* _COLLECTED DATA_:
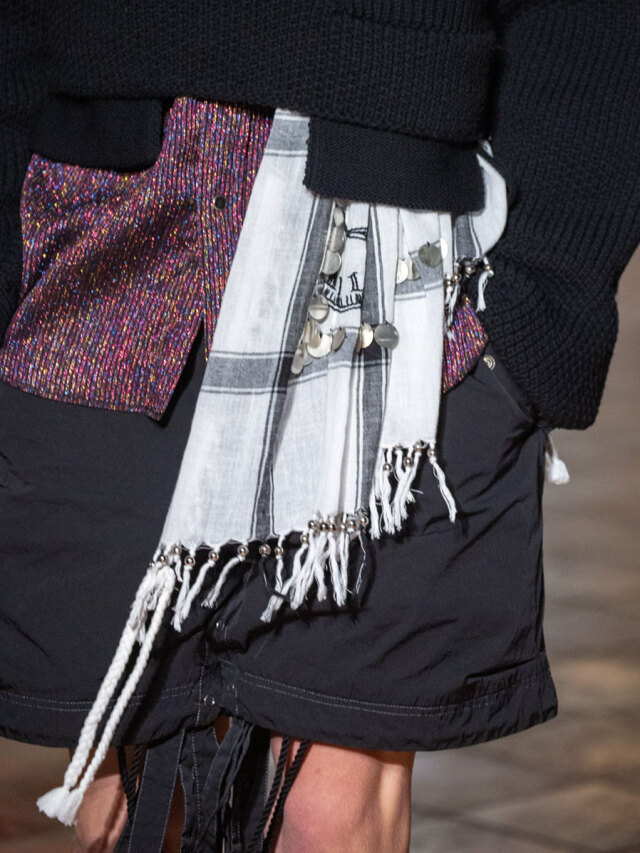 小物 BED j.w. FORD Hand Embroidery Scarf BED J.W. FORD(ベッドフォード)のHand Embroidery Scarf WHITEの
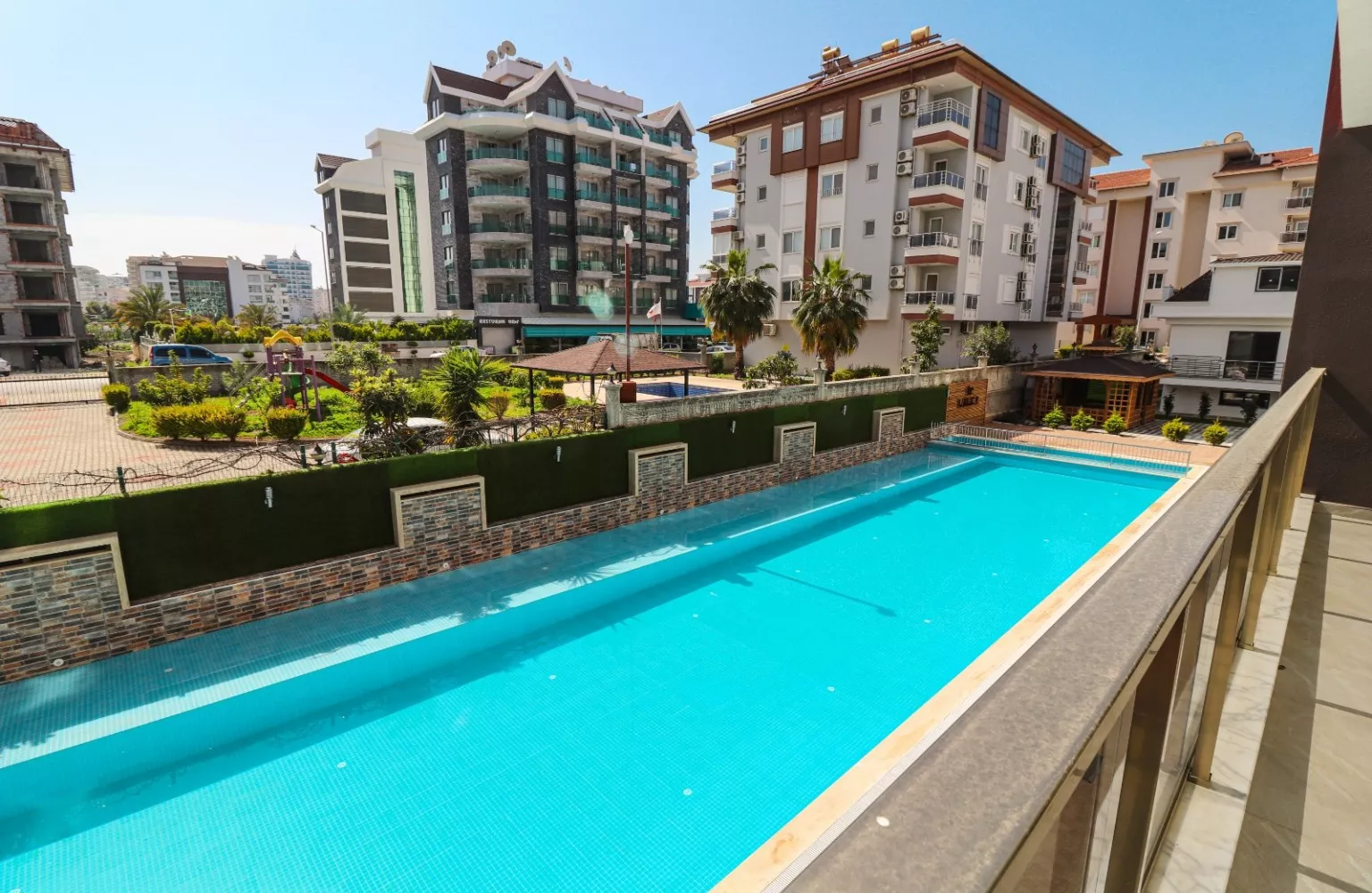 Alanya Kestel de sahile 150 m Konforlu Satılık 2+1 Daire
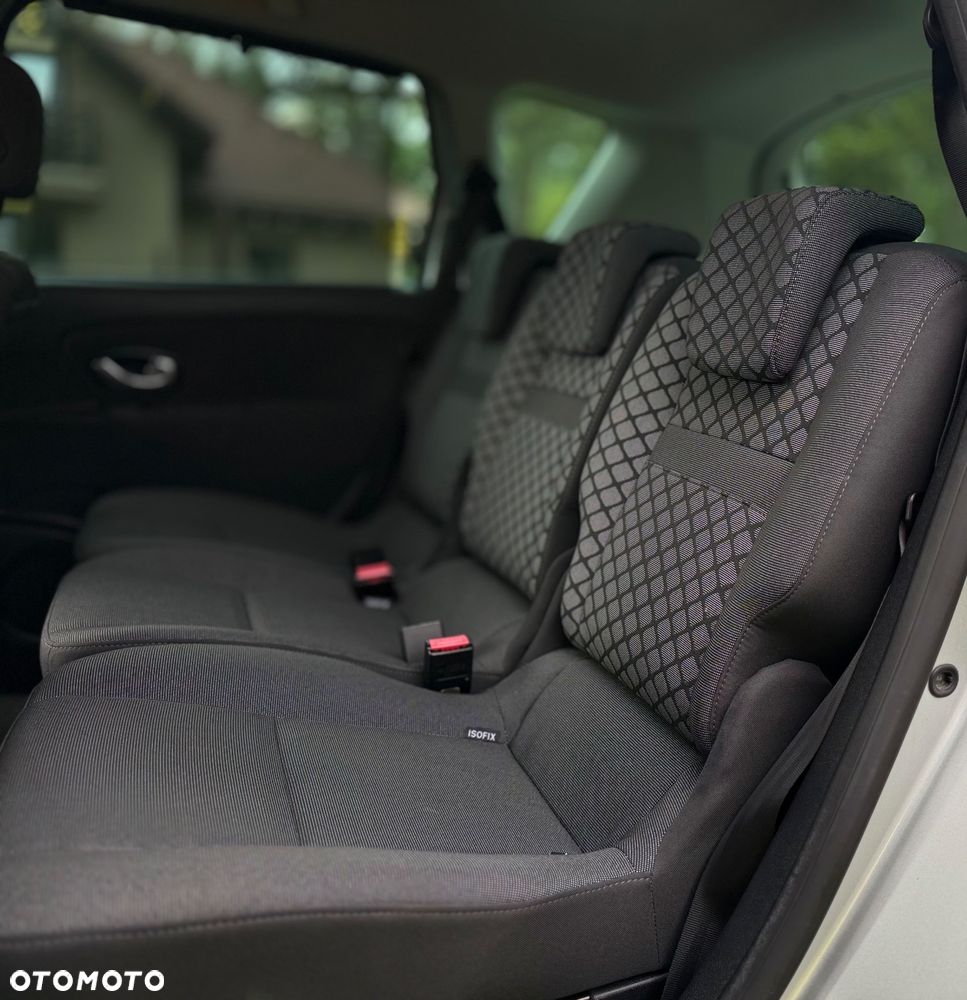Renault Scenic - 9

* _THE TASK_: Your copy should hold each line above exactly and no pictures at all.

* _WRITTEN REPLY_:
 小物 BED j.w. FORD Hand Embroidery Scarf BED J.W. FORD(ベッドフォード)のHand Embroidery Scarf WHITEの
 Alanya Kestel de sahile 150 m Konforlu Satılık 2+1 Daire
Renault Scenic - 9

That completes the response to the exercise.